Exercise data START
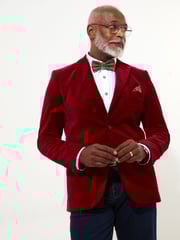 Joe Browns Red Bold Classic Velvet Suit Blazer with Contrast Lining - Image 3 of 7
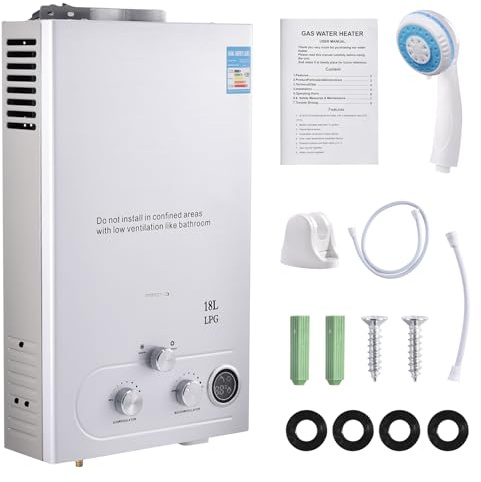 18L Gas Durchlauferhitzer,32KW LPG Propan Warmwasserbereiter Durchlauferhitzer Super Niedrigem 0,5bar Startwasserdruck, für Dusche & Täglichen Gebrauch Campingausflüge Silber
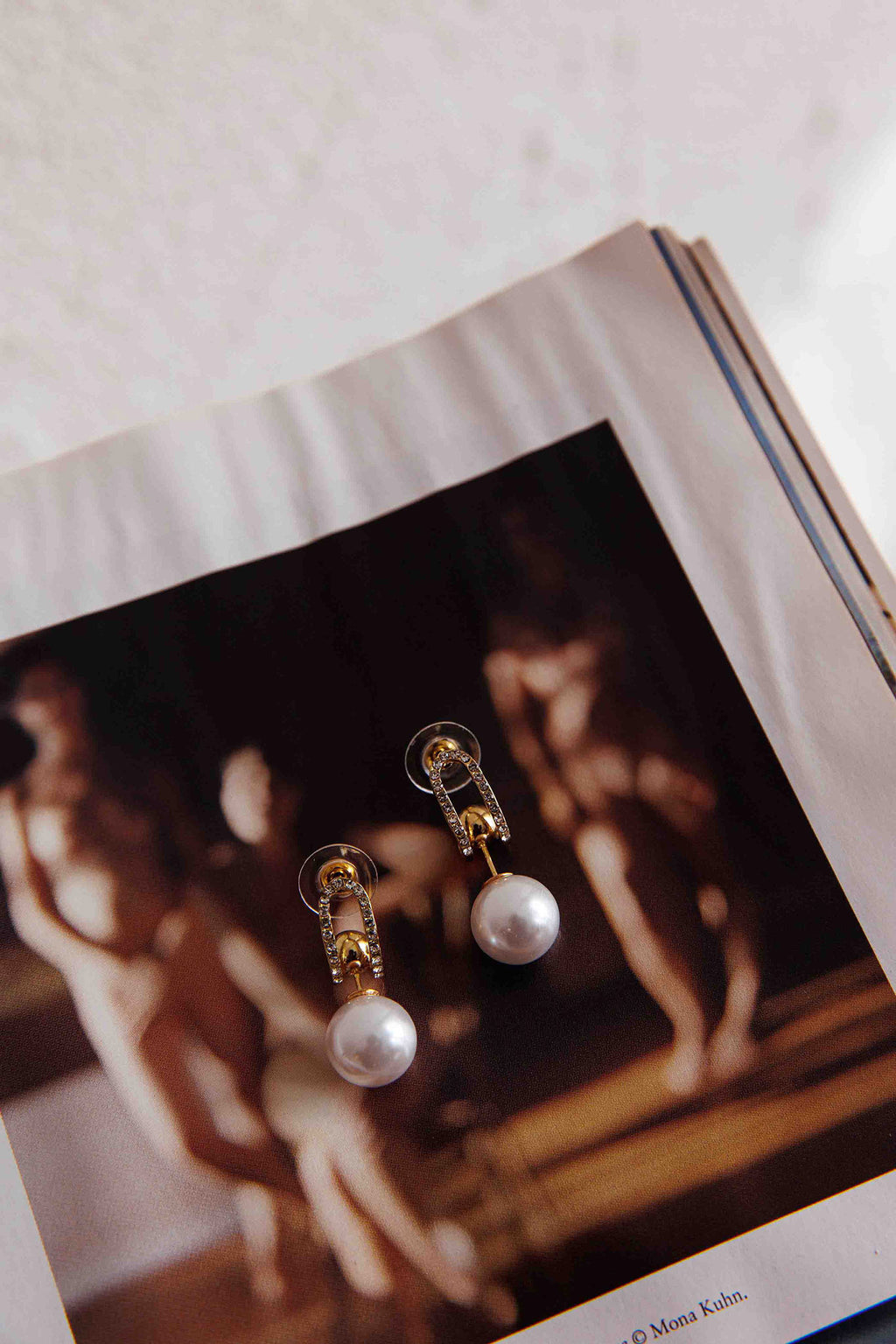 Maia Pearl Diamante Earrings Gold by Selfie Leslie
Exercise data END
:: Work instructions ::
Give again the lines from the line that contains "18L Gas Durchlauferhitzer,32KW" through the last line of the material above, exactly and with both ends included. Omit the pictures.

:: Answer for the task ::
 18L Gas Durchlauferhitzer,32KW LPG Propan Warmwasserbereiter Durchlauferhitzer Super Niedrigem 0,5bar Startwasserdruck, für Dusche & Täglichen Gebrauch Campingausflüge Silber
 Maia Pearl Diamante Earrings Gold by Selfie Leslie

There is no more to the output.